Dr. Susan Kornstein and her husband, investor Lee Krumbein, had anticipated this evening from the time they broke ground on their French-Mediterranean-styled villa nearly four years ago. Theirs would be a house with spacious rooms, generous outdoor areas and a relaxed flow for entertaining. They would be able to receive guests at the front steps on the stone veranda, then sweep them inside to the marble hallway, the great room and dining room, and out onto the stone terrace with its pool and spa. Comfortable seating and stimulating objects d’art would be everywhere, all personally chosen to reflect their passions and interests.
Working with architect Michael Foltz and builder Tony Pitts, they created a dramatic, white stucco villa overlooking the James River valley in the community of Lockgreen.
Robert Rentz teamed with the pair to design the interior, which continues to develop as spaces are filled and treasures found on the couple’s frequent travels. “We didn’t want other people to decide for us what our home would be,” Kornstein says. “We had a real team, and they were just extraordinary in working with us.”
Kornstein is an internationally known researcher, author and professor with expertise in women’s mental health. She is editor of the first textbook on the subject, has won numerous awards for her research, service and leadership, and is, among other responsibilities, executive director of the Institute for Women’s Health.
It earned an important distinction as the party was being planned: the institute has been designated a national Center of Excellence in Women’s Health by the U.S. Department of Health and Human Services. As news of the sought-after award reached the MCV Foundation committee that was planning the benefit, it became clear that there was a new element to celebrate.
“What made the event so special,” Kornstein says, “was not only the debut of the house but the momentous occasion, the history of how the institute got here. It was a real feeling of celebration and this occasion made it doubly so.”
Planning began in late spring around the kitchen table. David Napier’s White House Catering came on board for food and beverage service, creating a detailed menu that avoided red wines or drippy sauces. (It’s a no-stain strategy to protect carpets and upholstery.)
Grandiflora’s Rick Bridgforth and Rick Lunsford envisioned an extravagant display of fresh flowers, orchids, palms and foliage for indoor and outdoor spaces. Invitations featuring a portrait in the home’s living room were created and mailed to guests, dignitaries and benefactors. Gift bags with notecards, chocolate truffles, brass bookmarks and literature were stuffed with gold foil and readied for each guest.

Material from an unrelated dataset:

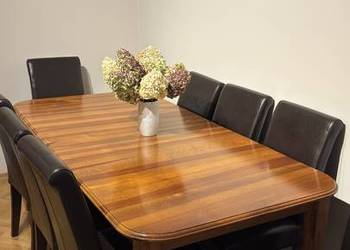 Stół drewniany rozkładany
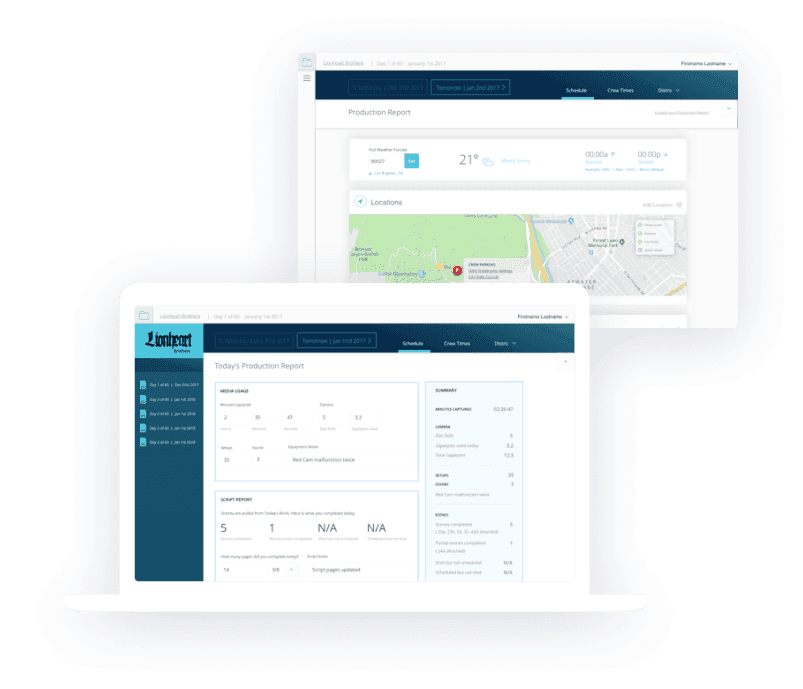 desktop dashboard mockup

Napier and crew arrived two days before the event to set up tables and chairs, set up their work area in the garage and begin roasting tenderloins. By the morning of the party, Grandiflora’s team was massing orchids and palms throughout the house. Large, exotic arrangements sparked every table, serving as conversation pieces while enhancing the home’s vibrantly colored artwork and furnishings.
As guests arrived, Krumbein met them on the veranda with glasses of champagne. The serving staff passed appetizers, bartenders worked four beverage stations, and guests moved from room to room sampling Napier’s signature crab cakes and “the most delicious lamb chops I’ve ever eaten,” Kornstein says, grinning.
“The glow is still around me,” Lee Krumbein adds. “It was really a fun and elegant event. The guests were very gregarious and stayed late, and MCV Foundation helped pull everything together, so we had a great time.” They helped raise a significant amount for the Institute’s endowment and built goodwill among those interested in women’s health.
Sharon Larkins-Pederson, who helped spearhead the event, summed up the evening’s success: “God smiled on us.” HS
Petite crab cakes
Croustades with Gruyere cheese, cheddar-scallion and roasted pepper fondue
Cherry tomatoes with a feta, basil and pine nut stuffing
Grilled and chilled shrimp with champagne vinaigrette dipping sauce
Grilled petite lamb chops with apple-mint compote or Roquefort demi-glaze
Thinly sliced, medium-rare tenderloin of Angus beef with fresh horseradish and dinner rolls
Imported cheeses and pates and a vegetarian terrine
Imported brie baked in flaky pastry with raspberry glaze and roasted pecans
Marinated and roasted asparagus spears and seasonal vegetables, served with sweet bell pepper strips and a balsamic vinaigrette for dipping
Petite sandwiches of smoked turkey and havarti with maple mustard
Smoked whole salmon with smoked salmon mousse, garnishes and caviar
New potatoes with cream fraiche, chives and spicy Hungarian paprika
Praline cheesecake on shortbread crust
Cream-filled lemon bars
Knowing how to work with professionals keeps the party pumping.
David Napier of White House Catering suggests these guidelines for planning and staging a great event with a caterer:
Work with the caterer to develop a theme and determine your preferences. Themes make parties more lively, and special events or celebrations put guests in a festive mood.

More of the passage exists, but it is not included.